Dependently Arisen Qualities
Yesterday I gave a rather simple talk on the development of qualities in meditation to a group of about 25 people in Goolwa, South Australia. The talk was in response to the notion that one can develop loving-kindness (metta) or compassion through doing exercises to generate those states of mind. I started off by stating a basic principle of the teaching on dependent arising: nothing arises from itself, nothing is self-created, nothing is born without conditions. I applied this to the idea of creating a mind-state of loving-kindness from trying to generate an experience of it based on having heard the concept of loving-kindness. This is what most people are taught: you identify an experience of loving-kindness based on what you have been told loving-kindness is and then expand on that experience, spreading the feeling from your heart to other parts of your body and/or out to other beings. It is then believed that you have created a state of mind known as loving-kindness. But how can you create a mental state? By imagining it and having it appear? By trying to get into that state by some technique or strategy? By connecting with that state believing that it exists in some kind of separate reality which you have to reach in order to manifest it? Each of these approaches treat loving-kindness as something created by itself or by another and not as being made up of conditions (arising out of conditions).

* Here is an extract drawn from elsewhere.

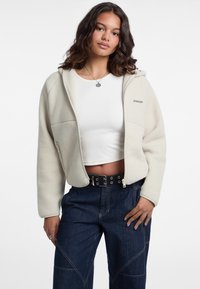 Giacca in fleece color crema con cappuccio, dotata di una cerniera frontale completa e due tasche laterali. Indossata sopra un top corto bianco e jeans blu.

Let us now take another approach to this same matter, one that involves seeing how our experience develops through causes and conditions. Friendliness (I prefer this word over loving-kindness when translating the Pali word “metta”) is then a higher development that emerges out of the cultivation of related qualities that are more readily accessible in our ordinary experience. Let’s say one of those qualities is your ability to tolerate unwanted or unpleasant thoughts and feelings. For example, you sit down to meditate and immediately remember an argument you had with someone. You start replaying what was said, but may not be sure that you want to let these thoughts go on in your meditation sitting. If you have given yourself permission to allow yourself to have thoughts in meditation, then you might feel less resistance to having thoughts, but you may still have resistance to replaying an argument while you meditate. Sitting with your resistance, tolerating it a bit more, may help you become kinder and softer to yourself. This kind of tolerance of an unwanted experience may then actually influence how you relate to the content of the argument running on in your mind, enabling you to be gentler with yourself, more willing to accept your feelings and the other person’s. The conditions are thus being developed that would allow for the emergence of friendliness and compassion.

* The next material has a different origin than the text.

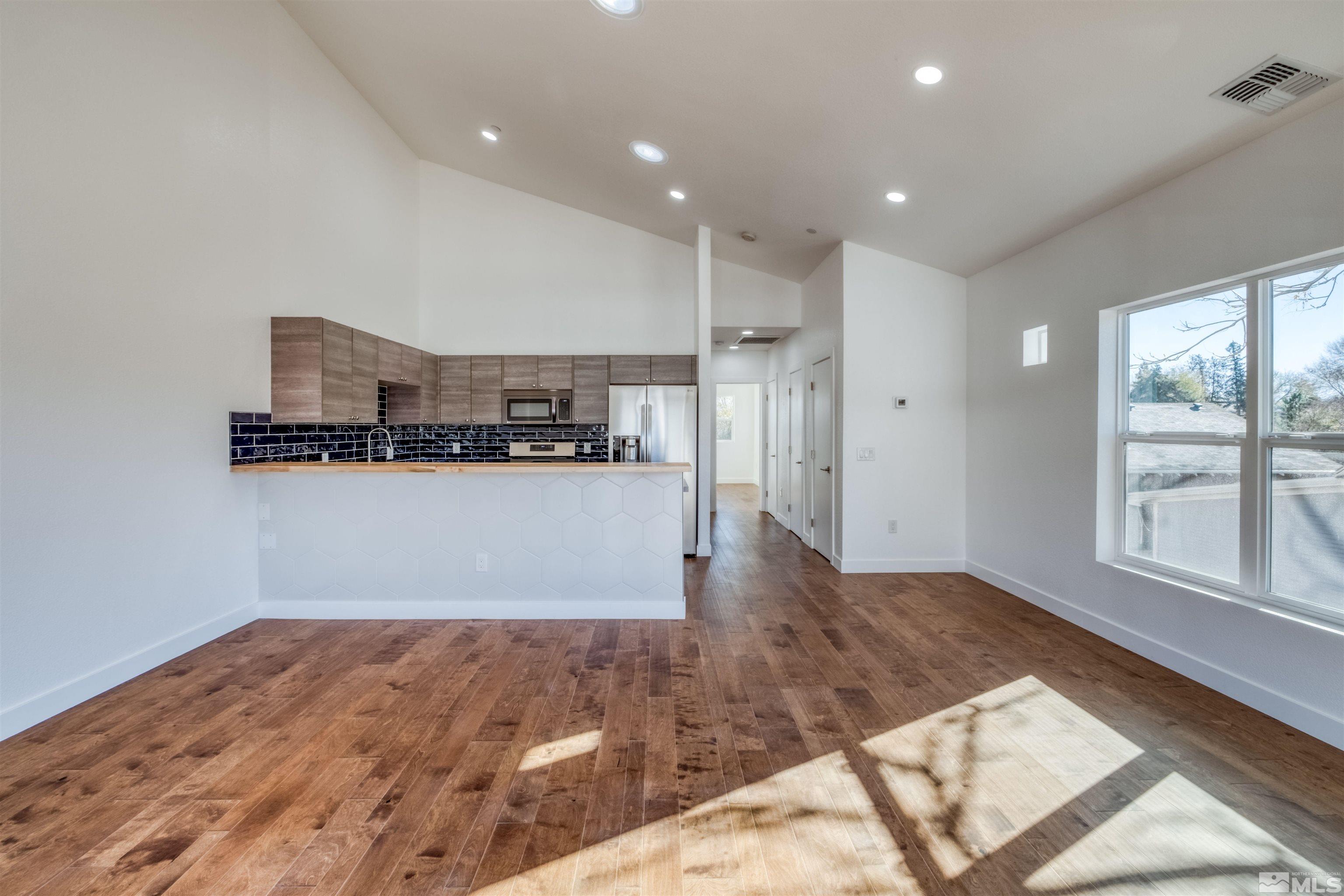 335 Roberts Street Reno, NV 89502 - Photo 9 of 18 a view of kitchen with wooden floor and window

But many people may not recognize such qualities as friendliness and compassion when they arise out of conditions rather than being created by some intentional practice or strategy. That may be because when there is a self that creates something that it has tried to create, the thing created is easier to see—the fulfillment of a desire is as clear as day! When something comes about through conditions, it may take greater discernment, a more subtly attuned awareness to pick it out of the other conditions (elements) arising with it—it is like picking out stars at night.